29.3.10

Miedos


“¡No somos nada!”, susurró Angélica Ordoñez al tiempo que apoyaba su condescendiente diestra en el hombro de Virginia, la mujer del malogrado dueño de la Ranger negra. Víctor, asi se llamaba el difunto, tuvo la mala idea de enfrentar a escopetazo limpio a los chorros que entraron a su casa, con tanta mala suerte que al trabarse el arma uno de los cacos le saltó encima y lo mató de un fuerte culatazo en la sien.
Ahora estaban todos menos el renegado de Laporta, quién dijo que él “no perdía el tiempo en pavadas”, electrificando esa misma tarde las rejas de su jardín. Los demás iban llegando de a uno o en pares a la casa de Estelita, una anfitriona de lujo que había preparado té con scones, aunque el ánimo no estaba para bollos.
Virginia restregaba un pañuelo blanco sin poder dejar de lagrimear. Había rehusado más de una vez el pedido de varios de los presentes de irse a descansar, mientras repetía casi mecánicamente que tenía que estar “en nombre de mi marido”.
Caía la apacible tarde de abril y nadie le hacía honor a los scones. Solo Virginia sorbía la infusión ya helada, con los ojos encastrados en la adorable vista vegetal que se colaba por el enorme ventanal de la sala.
El grito de gol de Axel, el mayor de los dueños de casa, sobresaltó a la vieja Ordoñez, quién se llevó la mano al corazón como el que percibe la cercanía del infarto. Estelita hizo que el chico apagara la Play, mientras se deshacía en disculpas con sus vecinos. La tensión dominaba el ambiente y a nadie se le caía una idea.
Trataron sin suerte de no redundar en los hechos del último domingo, por respeto a la viuda presente, pero el tema volvía con cada ejemplo de posible solución, que eran en realidad la enumeración de viejas e inútiles recetas.
Se habló de una Comisión de Seguridad, de cambiar la empresa de vigilancia, de un arreglo con el comisario y hasta de trampas para osos…
La noche era ya una realidad cuando Vicente Dupont se paró y se fue, no sin antes largar su acostumbrada perorata: “hay que ir a la villa con unos cuantos bidones de nafta…a la noche nadie se va a dar cuenta…yo pongo la camioneta. Hay que matarlos a todos”.
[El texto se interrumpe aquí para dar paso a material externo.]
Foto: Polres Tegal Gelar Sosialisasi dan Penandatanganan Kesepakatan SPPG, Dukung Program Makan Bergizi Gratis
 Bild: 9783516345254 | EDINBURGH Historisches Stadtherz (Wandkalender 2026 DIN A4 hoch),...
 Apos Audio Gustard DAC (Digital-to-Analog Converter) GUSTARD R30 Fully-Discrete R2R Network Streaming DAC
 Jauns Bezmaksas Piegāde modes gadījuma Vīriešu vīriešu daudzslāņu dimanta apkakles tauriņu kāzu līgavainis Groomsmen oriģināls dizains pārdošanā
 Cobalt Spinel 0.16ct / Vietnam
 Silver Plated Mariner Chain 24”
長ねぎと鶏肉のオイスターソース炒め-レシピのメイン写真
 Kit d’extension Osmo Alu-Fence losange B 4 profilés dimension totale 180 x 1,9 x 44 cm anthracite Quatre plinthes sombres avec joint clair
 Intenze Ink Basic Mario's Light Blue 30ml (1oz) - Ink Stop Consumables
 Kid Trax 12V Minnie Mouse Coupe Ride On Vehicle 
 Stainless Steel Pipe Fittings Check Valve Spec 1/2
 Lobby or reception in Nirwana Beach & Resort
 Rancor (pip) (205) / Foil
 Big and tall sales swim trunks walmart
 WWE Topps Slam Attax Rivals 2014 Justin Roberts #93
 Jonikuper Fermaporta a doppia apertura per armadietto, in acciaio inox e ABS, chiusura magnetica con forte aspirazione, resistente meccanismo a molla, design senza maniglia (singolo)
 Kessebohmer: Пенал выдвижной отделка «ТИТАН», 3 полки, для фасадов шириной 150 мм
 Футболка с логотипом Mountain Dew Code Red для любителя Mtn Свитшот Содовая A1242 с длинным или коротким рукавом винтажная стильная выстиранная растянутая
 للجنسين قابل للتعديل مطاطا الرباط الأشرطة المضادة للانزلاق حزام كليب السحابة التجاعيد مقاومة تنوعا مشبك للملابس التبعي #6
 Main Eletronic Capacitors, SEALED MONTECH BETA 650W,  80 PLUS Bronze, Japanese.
Estelita se entristeció por dentro. Juan, su marido, la miraba con ojos vidriosos y pensaba que nunca antes había compartido una tarde con sus vecinos. Extrañamente no lo sorprendió ese pensamiento.
La reunión se levantó sin novedades. Quedaron en seguirla el otro sábado. Jugaba River y Mastrossimone trotó por el sendero de piedras que marcaba la salida de la propiedad. Tenía platea permanente y estaba llegando tarde.
El resto lo siguió. Virginia fue la última en salir. Estelita la despidió con un fuerte abrazo. Se podía decir que eran amigas.
Algunos grillos raspaban las patas y los perros comenzaron su sinfonía nocturna. En la cocina Estela encontró a Adelfa, la doméstica, hablando por teléfono. Otra vez, si. Se paró frente a ella en silencio. La mujer, al percibirla tras de sí apuró el dialogo y cortó. Sus últimas palabras fueron “si si, está todo bien, todo tranquilo, chau”.
La patrona la miró y Adelfa ensayó una disculpa algo confusa: “era mi mamá. Tiene 90 años y no está bien…tiene miedo de morirse, vió como son los viejos…”.
Desde arriba, atronador, Axel volvió a gritar un gol virtual.